Bandar Lampung (Lampost.co): Mahkamah Agung (MA) mengubah syarat dan ketentuan terkait minimal usia calon kepala daerah (Cakada) menjadi 30 tahun saat pelantikan untuk calon tingkat provinsi dan 25 tahun untuk calon tingkat kabupaten/kota. Sebelumnya, syarat tersebut berlaku hanya saat pendaftaran sebagai calon, bukan saat masa pelantikan.
Pengubahan ini sontak menimbulkan banyak perdebatan di ruang publik. Ada yang kontra, namun tak sedikit juga yang pro.
Pengamat Politik Universitas Lampung, Bendi Juantara menilai putusan ini akan membuat kiprah politisi muda dalam kontestasi Pilkada semakin terbuka lebar.
Menurutnya, perubahan syarat minimal usia tersebut akan memberikan dampak langsung bagi daerah. Di mana proses regenerasi politik akan semakin terlihat dengan banyaknya figur politisi muda untuk ikut ambil bagian dalam kontestasi Pilkada.
Dosen Ilmu Pemerintahan FISIP Unila itu mengatakan, sosok politisi muda mempunyai daya tawar tersendiri dalam konstelasi politik daerah, khususnya terkait representasi pemilih muda.
“Apalagi secara demografi pemilih muda pada pemilu 2024 mendominasi dari semua segmen pemilih,” kata Bendi, di ruang kerja, Jumat, 31 Mei 2024.
Selain itu, lanjut Bendi, kehadiran politisi muda akan memberikan keberagaman pilihan bagi pemilih. Dalam hal ini, masyarakat akan melihat wajah-wajah baru yang harapannya mampu membawa nuansa dan semangat serta idealisme yang baru dan berbeda.

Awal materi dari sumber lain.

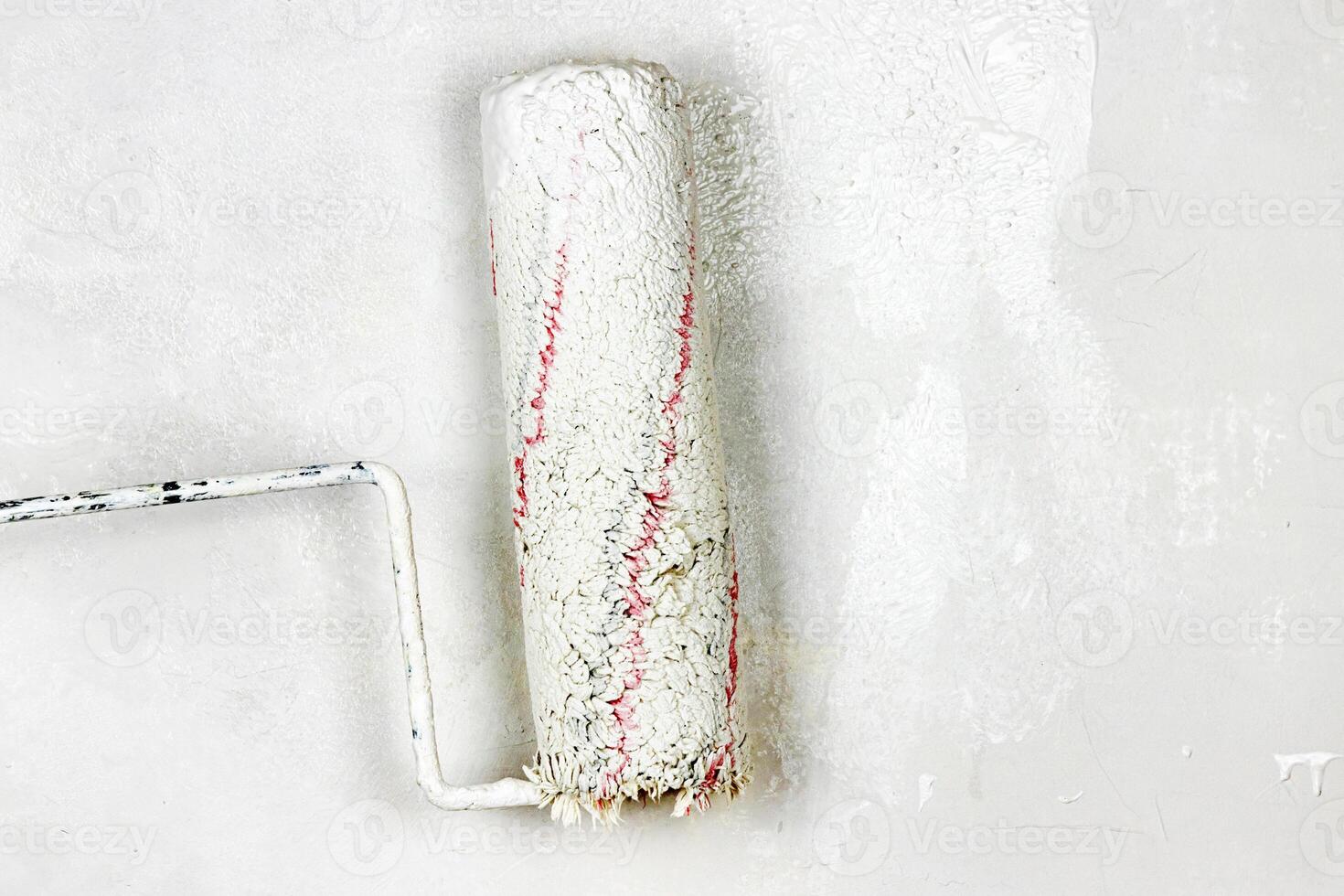 Closeup of a paint roller applying fresh white paint on a wall. DIY process of home renovation and painting for a clean, updated interior. home improvement and wall makeover. Copy space. photo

Ia juga menjelaskan kehadiran generasi muda dalam kontestasi Pilkada menjadi salah satu solusi dalam mencari sosok pemimpin rakyat. Terlebih tantangan yang terjadi di daerah saat ini semakin kompleks dari berbagai aspek.
Pengawalan
Bendi melanjutkan putusan MA ini juga tak bisa lepas dari pengawalan masyarakat luas. Menurutnya, jika tidak ada pengawalan aturan dengan baik bisa berpotensi membawa implikasi lain. Misalnya, potensi penyalahgunaan wewenang, matinya kaderisasi partai politik, hingga ancaman suburnya politik dinasti dilevel daerah.
“Oleh karena itu dalam pilkada ini perlu ada tindakan penguatan-penguatan pada beberapa aspek. Dari sisi profesionalitas penyelenggara, netralitas ASN, idealitas parpol dalam kandidasi, hingga rasionalitas pemilih,” ujarnya.
Ahli Hukum Tata Negara, Yusdianto menyatakan pandangan yang serupa. Akademisi Fakultas Hukum Unila itu menyebut, putusan MA membuka ruang terhadap semua pihak untuk dapat mendaftar sebagai calon kepala daerah.
Menurutnya, perubahan administrasi umur calon kepala daerah yang terhitung sejak pelantikan dapat membuka peluang partai politik untuk memberi ruang kepada generasi muda untuk sebagai calon.
“Hal ini membuat kompetisi pencalonan kian membuka ruang demokrasi yang sehat,” kata dia.